Well, I think the problem is that many (western) programmers have an ASCII bias. Most realize that Unicode is the best way to be able to write international code, but they don't want to change their existing code base. So UTF-8 seems like a nice solution - you have Unicode support on paper, but you can still treat everything as ASCII. The problem, however, is that UTF-8 gets really complicated when you have non ASCII strings. You cannot index the string directly, you need to decode multiple code points in a loop to get a single character, you have to deal with invalid code point sequences... the list goes on. UTF-16 is a little better if you know you won't ever have any surrogate pairs in there, but in my opinion that's a short-sighted view. These kinds of assumptions have a tendency to be proven wrong just when you are in a position where changing the encoding is not possible anymore. In my opinion, memory strings should simply be UTF-32. Easy indexing and manipulation for everyone, no "discrimination" of multibyte languages. But, I realise that some people do not share this view. And of course there's the problem of interacting with legacy code (e.g. printf and all the other C stuff, or the UTF-16 Windows API). Which really only leaves one solution: we need an abstract string class with implementations for UTF-8, UTF-16 and UTF32. That way you can choose the best encoding, depending on your needs. And such classes could also take care of the hassles of UTF-8 and UTF-16 decoding/encoding/manipulation. An abstract class would even allow users to add their own encoding, which is necessary if legacy code is not ASCII, but one of the other few dozen codepages that are popular around the world. And last, but not least, I think the D character type should always be 32 bit. Then it would be a real, decoded Unicode character, not a code point. Since the decoding is done internally by the string classes, there is really no need to have different character sizes. Hauke
Dec 02 2003
parent reply Elias Martenson <elias-m algonet.se> writes:
Hauke Duden wrote:
 Elias Martenson wrote:

    [ a lot of very good reasoning snipped for space ]

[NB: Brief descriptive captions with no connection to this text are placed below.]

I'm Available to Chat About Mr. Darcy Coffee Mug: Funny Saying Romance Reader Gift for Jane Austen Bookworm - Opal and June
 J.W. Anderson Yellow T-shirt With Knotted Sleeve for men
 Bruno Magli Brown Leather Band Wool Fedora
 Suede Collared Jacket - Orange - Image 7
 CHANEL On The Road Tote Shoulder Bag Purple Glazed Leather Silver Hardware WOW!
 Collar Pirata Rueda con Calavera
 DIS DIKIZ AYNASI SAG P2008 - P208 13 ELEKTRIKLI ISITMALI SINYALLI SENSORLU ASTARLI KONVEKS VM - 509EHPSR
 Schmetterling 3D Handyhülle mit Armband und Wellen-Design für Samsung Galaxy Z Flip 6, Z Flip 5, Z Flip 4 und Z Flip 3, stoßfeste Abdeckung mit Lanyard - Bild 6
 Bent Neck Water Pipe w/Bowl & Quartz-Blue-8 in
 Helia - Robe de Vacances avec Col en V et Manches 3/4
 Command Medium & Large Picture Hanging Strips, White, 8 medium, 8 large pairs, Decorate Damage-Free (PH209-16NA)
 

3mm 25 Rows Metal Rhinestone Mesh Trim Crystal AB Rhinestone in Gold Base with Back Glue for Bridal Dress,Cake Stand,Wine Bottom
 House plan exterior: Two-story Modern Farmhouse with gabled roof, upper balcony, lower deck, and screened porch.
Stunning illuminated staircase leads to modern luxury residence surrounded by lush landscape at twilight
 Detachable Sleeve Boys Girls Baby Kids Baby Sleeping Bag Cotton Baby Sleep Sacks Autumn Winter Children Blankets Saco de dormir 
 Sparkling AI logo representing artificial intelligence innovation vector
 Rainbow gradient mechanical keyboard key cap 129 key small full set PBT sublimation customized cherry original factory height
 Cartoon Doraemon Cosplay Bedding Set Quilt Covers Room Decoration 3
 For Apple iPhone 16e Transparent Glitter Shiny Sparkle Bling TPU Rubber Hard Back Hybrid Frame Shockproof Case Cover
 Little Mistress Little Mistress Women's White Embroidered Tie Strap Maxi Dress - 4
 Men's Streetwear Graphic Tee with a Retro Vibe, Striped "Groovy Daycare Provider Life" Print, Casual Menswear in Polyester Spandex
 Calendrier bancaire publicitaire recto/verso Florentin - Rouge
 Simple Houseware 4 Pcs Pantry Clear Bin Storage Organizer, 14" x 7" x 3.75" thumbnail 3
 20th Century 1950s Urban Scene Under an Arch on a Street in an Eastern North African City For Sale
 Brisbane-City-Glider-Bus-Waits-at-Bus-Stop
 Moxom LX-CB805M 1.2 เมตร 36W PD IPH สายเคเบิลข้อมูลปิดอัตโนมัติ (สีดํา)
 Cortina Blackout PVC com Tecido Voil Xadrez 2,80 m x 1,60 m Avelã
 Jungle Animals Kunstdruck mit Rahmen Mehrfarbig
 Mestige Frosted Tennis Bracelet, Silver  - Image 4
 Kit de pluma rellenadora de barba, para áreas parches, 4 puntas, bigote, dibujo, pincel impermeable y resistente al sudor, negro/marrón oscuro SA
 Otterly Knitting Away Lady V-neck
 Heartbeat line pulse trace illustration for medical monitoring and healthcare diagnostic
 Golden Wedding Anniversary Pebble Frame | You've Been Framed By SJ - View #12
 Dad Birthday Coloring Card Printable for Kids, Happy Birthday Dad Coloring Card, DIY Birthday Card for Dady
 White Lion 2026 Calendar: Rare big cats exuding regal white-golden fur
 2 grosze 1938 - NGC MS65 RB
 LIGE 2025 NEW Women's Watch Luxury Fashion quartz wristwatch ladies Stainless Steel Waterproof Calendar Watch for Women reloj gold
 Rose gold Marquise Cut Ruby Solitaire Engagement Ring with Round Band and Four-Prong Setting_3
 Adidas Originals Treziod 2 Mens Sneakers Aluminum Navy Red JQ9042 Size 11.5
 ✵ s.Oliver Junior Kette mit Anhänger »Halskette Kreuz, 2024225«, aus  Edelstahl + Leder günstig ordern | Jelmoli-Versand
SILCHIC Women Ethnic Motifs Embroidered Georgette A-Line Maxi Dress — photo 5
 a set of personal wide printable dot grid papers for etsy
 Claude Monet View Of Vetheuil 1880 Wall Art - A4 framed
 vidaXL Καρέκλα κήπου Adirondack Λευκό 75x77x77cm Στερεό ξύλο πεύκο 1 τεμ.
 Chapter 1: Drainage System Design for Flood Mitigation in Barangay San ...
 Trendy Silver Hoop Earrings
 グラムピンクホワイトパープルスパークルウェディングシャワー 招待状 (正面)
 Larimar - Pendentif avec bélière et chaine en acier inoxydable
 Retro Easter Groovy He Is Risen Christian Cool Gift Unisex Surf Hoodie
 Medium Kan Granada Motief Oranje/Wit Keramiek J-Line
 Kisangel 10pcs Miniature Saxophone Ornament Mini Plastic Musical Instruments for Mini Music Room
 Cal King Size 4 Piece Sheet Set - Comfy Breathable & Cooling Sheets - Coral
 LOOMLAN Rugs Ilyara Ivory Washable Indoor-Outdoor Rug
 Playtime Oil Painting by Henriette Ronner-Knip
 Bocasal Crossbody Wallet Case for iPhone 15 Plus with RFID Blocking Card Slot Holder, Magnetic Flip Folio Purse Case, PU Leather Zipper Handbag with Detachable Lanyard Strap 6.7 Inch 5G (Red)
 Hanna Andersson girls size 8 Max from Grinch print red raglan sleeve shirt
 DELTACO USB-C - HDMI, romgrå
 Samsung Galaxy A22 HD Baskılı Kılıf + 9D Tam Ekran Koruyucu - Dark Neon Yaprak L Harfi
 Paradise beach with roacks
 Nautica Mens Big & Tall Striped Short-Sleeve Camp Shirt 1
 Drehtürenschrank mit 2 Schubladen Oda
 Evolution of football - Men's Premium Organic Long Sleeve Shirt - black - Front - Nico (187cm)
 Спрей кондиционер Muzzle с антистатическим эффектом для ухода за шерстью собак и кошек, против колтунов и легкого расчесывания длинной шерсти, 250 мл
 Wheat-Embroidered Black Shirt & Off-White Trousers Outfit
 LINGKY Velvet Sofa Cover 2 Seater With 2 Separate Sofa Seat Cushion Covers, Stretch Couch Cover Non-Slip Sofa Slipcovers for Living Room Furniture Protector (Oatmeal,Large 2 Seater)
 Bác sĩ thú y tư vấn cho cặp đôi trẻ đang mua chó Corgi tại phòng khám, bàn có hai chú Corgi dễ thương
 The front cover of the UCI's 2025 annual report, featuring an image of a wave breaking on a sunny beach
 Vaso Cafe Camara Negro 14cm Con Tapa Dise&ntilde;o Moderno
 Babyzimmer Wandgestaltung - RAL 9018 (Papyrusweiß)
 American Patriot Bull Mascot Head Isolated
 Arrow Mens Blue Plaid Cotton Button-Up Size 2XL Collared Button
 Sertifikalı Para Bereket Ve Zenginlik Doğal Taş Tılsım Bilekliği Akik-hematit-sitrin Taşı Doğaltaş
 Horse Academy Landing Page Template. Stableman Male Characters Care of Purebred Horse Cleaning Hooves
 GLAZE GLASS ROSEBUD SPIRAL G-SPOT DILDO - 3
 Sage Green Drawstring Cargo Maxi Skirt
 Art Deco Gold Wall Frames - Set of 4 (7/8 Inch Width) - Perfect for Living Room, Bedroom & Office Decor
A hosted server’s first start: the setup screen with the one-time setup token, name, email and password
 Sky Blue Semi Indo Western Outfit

 Which really only leaves one solution: we need an abstract string class 
 with implementations for UTF-8, UTF-16 and UTF32. That way you can 
 choose the best encoding, depending on your needs. And such classes 
 could also take care of the hassles of UTF-8 and UTF-16 
 decoding/encoding/manipulation.
 
 An abstract class would even allow users to add their own encoding, 
 which is necessary if legacy code is not ASCII, but one of the other few 
 dozen codepages that are popular around the world.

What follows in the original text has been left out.